Our first visit to The Salutation each spring is one I always look forward to; foremost because it’s an opportunity to admire the garden’s fine structure before it becomes shrouded in foliage and flowers. Whilst Edwin Lutyens would surely recognise today’s layout as his own, The Salutation is an unusual combination of informal features, such as Lake Patricia and the Woodland Garden, and the elegant formality for which the architect is famed. Packed into three acres on the edge of Sandwich, every inch of the garden is on show, which must be quite a challenge for the gardening team lead by Head Gardener Steve Edney.

Over winter there have been some minor changes to the layout; the removal of some hedges; the creation of a new area just off the long border, which I suspect might be an extension of the tropical garden; and a major overhaul of the space surrounding the potting sheds and greenhouses. Everything was looking particularly spick and span when we visited last weekend to renew our season tickets and get some fresh air.

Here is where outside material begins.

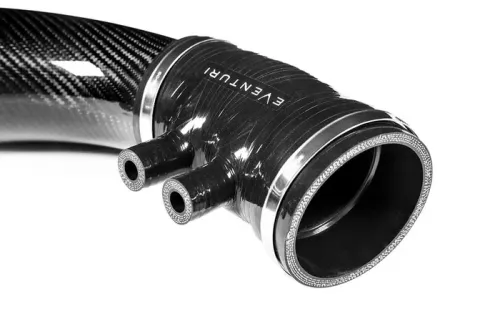 A glossy black carbon fiber pipe labeled "EVENTURI" with two smaller outlet tubes attached, set against a white background.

The Salutation’s tulips and hyacinths are way ahead of my own, basking on the warm, dry, south-facing bank that skirts the long border. The scent of hyacinths was intoxicating, and the hum of red-tailed bumble bees so loud it was almost deafening. Accompanying the bees with their coarse calls were innumerable seagulls, a reminder that the English Channel is not far away. In December 2013 the briny came too close for comfort when it flooded a significant part of the garden, including the Long Border. Four years later, apart from the unevenness of the path, one would never know the garden had been inundated with salty water.
Within moments Him Indoors had taken to a garden bench to consult his phone, which these days appears to be superglued to his hands. It seems gardens are no distraction from the allure of Facebook. Behind him in this picture are several clumped banana plants, still carefully wrapped in fleece and hessian lest they experience a late, damaging frost.

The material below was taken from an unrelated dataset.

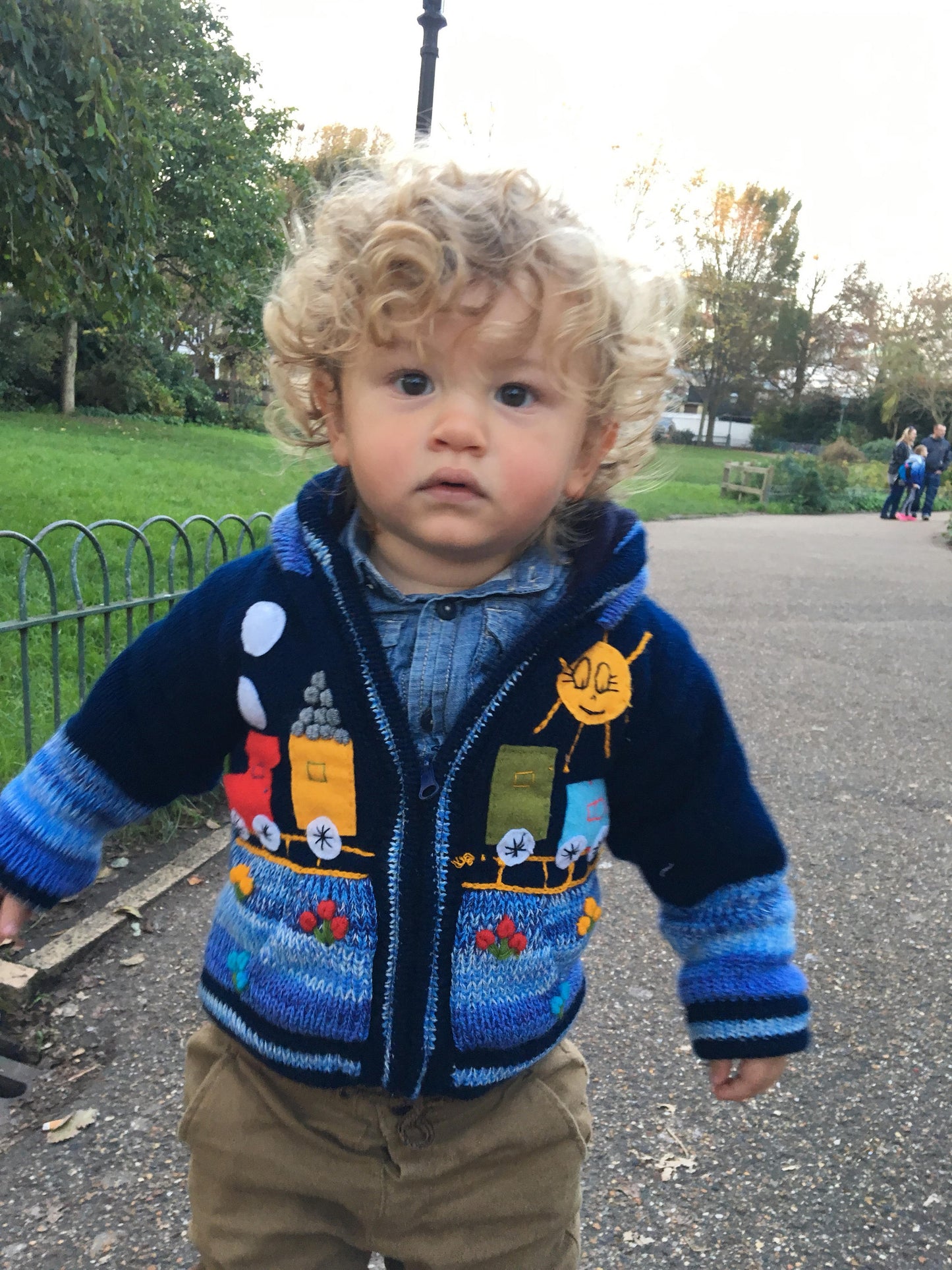 Train sweater boy/baby cardigan, Knitted  cardigan with train motifs,  Toddler pullover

Having taken the obligatory shot of the Queen Anne inspired facade from the end of the double borders, and not a good one I’m sorry to say, I ventured into the Woodland Garden.

Since the great flood, the Woodland Garden had been left to its own devices, becoming slightly down at heel. Over winter the garden’s winding paths have been spruced up. There are new vistas into the rest of the garden and evidence of new planting.


Every year I marvel at the quantity of blue and white Anemone blanda that flood out of the Woodland Garden onto the lawn, surging like a floral tide towards the perennial borders.

At the Holm Oak Walk one is reminded exactly who designed this handsome garden. The immaculately clipped evergreen columns, their simple underplanting of roses and lavender, the mighty oak gate in the garden wall, presided over by an exaggerated key stone, are all Lutyens’ signatures. When either side of the Holm Oak Walk the gardens are frothing and fizzing, this stately axis remains calm and quiet.

I never seem to hit the White Garden at quite the right moment. As much as I like the concept of single colour gardens, this one doesn’t do a lot for me. The layout is clever, with deep, box-edged borders and narrow paths, but even the addition of plants with black foliage doesn’t lift the slightly melancholy air. A tall specimen of Daphne bholua ‘Peter Smithers’ provides delicious scent on the way out.

I would much rather be on the close-mown bowling green, where the borders to either side are stuffed with an artful mix of foliage and flowers sharing similar reddish tones. At this time of year there is less to see, but an edging of Bergenia cordifolia ‘Winterglut’ provides both burgundy foliage and waxy, magenta-pink flowers in spring. I spotted a couple of rogue Muscari macrocarpum ‘Golden Fragrance’ in one patch, a bulb I have tried and failed to grow, but which is lovely enough for me to try again.

The Yellow Garden, at the end of the circuit, is crowned with a circlet of narcissi in spring. More hyacinths have been added, which is as good for the bees as it is for visitors. This is a lovely idea that anyone with a lawn might replicate: and it relieves one of the obligation to cut the grass until all the bulb foliage has died right down.

The clock ticking on the car park we were in and out of the garden within an hour, but not without acquiring a pot of Moroccan spearmint (Mentha spicata) and a single stick of Clerodendrum bungei, a plant I have hankered after for years. It’s a shrub that throws up suckers hither and thither, but with large corymbs of pink blossom in late summer it is worth any hassle.